I’ve had a lot of thoughts and emotions toiling within me lately. The boys and I are headed home soon and it is a very welcome break. Doha can become so stagnant and lifeless after awhile. There are just some things that are unshakable within our lives and for me, those are the Appalachian mountains. Nothing, absolutely nothing in the world feels more like home to me than seeing that mountain range, walking through it’s forrest and breathing the crisp clean air filled with the scent of pine and dirt. It gives me so much joy to watch my kids trying to creep up on a deer or spending hours skipping rocks in the river.

I find myself yearning for greener pastures, to leave Doha behind and to feel like I can sink my roots into fertile soil. I long to say “we’re home” and it mean the location that we truly call home and actually make it so.  I am growing weary of being the “Global Nomads.”

If only life were that easy. We would be trading one set of trouble for another and I guess in the long run it all comes down to priorities and I suppose reality as well. We have to make ends meet, and we have four kids to put through college. This job is what makes that happen. Some days, I just want to say “screw it” and be done here, I know Ross often thinks the same. I guess it’s a good thing he keeps me somewhat grounded to this world. Otherwise I’d probably float away on dreams and ideas and whimsical fancies.

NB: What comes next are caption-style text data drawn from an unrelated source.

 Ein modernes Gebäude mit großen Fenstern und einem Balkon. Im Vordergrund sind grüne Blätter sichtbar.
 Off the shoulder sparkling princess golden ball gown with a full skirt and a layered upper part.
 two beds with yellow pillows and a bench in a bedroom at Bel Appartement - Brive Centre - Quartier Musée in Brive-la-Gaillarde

Heaven When We’re Home: By the Wailin’ Jenny’s

I have really enjoyed this group, the Wailin’ Jenny’s. I’ve posted about a few of their songs before. I’ll type the lyrics below, but it has become my theme song over the last few months. You can listen to the song by clicking on the link above. I guess the things for me is that I may feel restless and unsettled and uncertain of life at times, but it is comforting to remind myself that all of these things are what makes me who I am. At some point, we’ll “find what we’re looking for. Then we’ll drop these bags and search no more, because it’s gonna to feel like heaven when we’re home”.

“Heaven When We’re Home”

Don’t know what time it is, I’ve been up for way too long
and I’m too tired to sleep.
I call my mother on the phone, she wasn’t home,
and now I’m wondering the street.
I’ve been a fool, I’ve been cruel to myself.
I’ve been hanging onto nothing
when nothing could be worse than hanging on
And something tells me there must be
something better than all this.

I’ve fallen many times in love and every time
it’s been with the wrong man.
Still I’m out there living one day at a time
and doing the best I can.
Cuz we’ve all made mistakes
that seem to lead us astray.
But every time they helped to get us where we are today
And that’s as a good a place as any
and it’s probably where we’re best off anyway.

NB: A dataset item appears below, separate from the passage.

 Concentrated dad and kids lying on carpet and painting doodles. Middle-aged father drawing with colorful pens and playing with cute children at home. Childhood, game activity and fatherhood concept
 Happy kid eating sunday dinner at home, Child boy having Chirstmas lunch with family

It’s a long and rugged road
and we don’t now where it’s headed,
But we know it’s going to get us where we’re going.
And when we find what we’re looking for
we’ll drop these bags and search no more
‘Cuz it’s gonna to feel like heaven when we’re home
It’s going to feel like heaven when we’re home.

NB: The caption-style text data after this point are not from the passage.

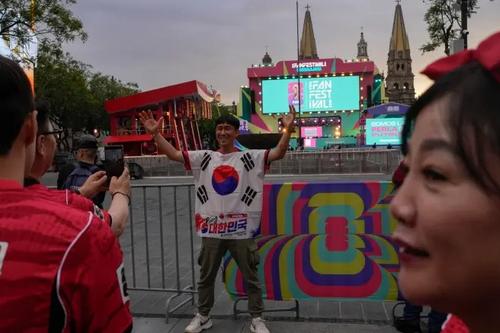 Un fan sud-coreean pozează în fața unei scene instalată la un festival al fanilor din Guadalajara, pe 10 iunie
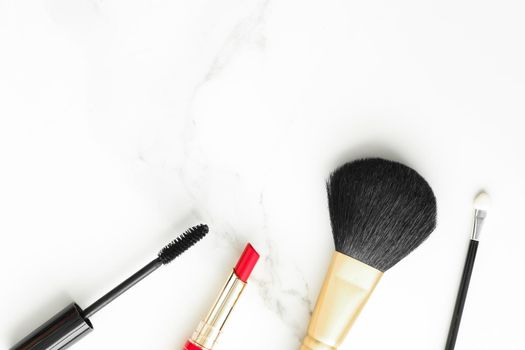 Make-up and cosmetics on marble, flatlay - modern feminine lifestyle, vlog background and styled stock concept. Beauty inspiration in a fashion blog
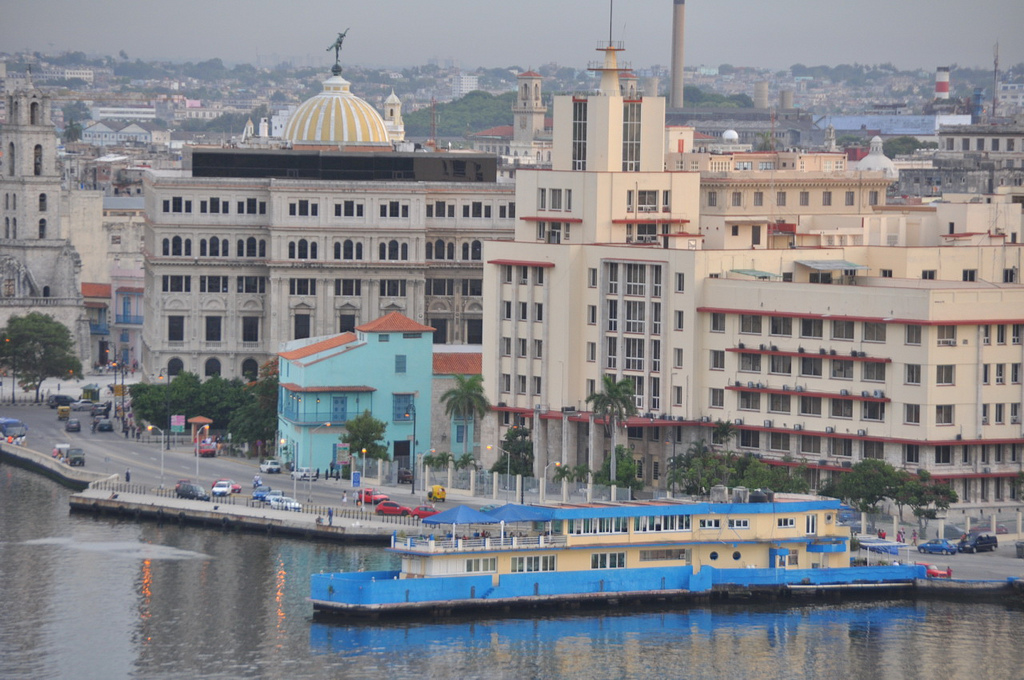 A large ferry is docked at the waterfront with multistory buildings in the background.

There’s no such thing as perfect,
and if there is we’ll fnd it when we’re good and dead.
Trust me I’ve been looking,
but tonight I think I’ll go and take a bath instead.
And then maybe I’ll walk a while
and feel the earth beneath me.
They say if you stop looking
it doesn’t matter if you find it
And whose to say that even if I did
it’s what I’m really looking for.

It’s a long and rugged road
and we don’t now where it’s headed,
But we know it’s going to get us where we’re going.
And when we find what we’re looking for
we’ll drop these bags and search no more
‘Cuz it’s gonna to feel like heaven when we’re home
It’s going to feel like heaven when we’re home.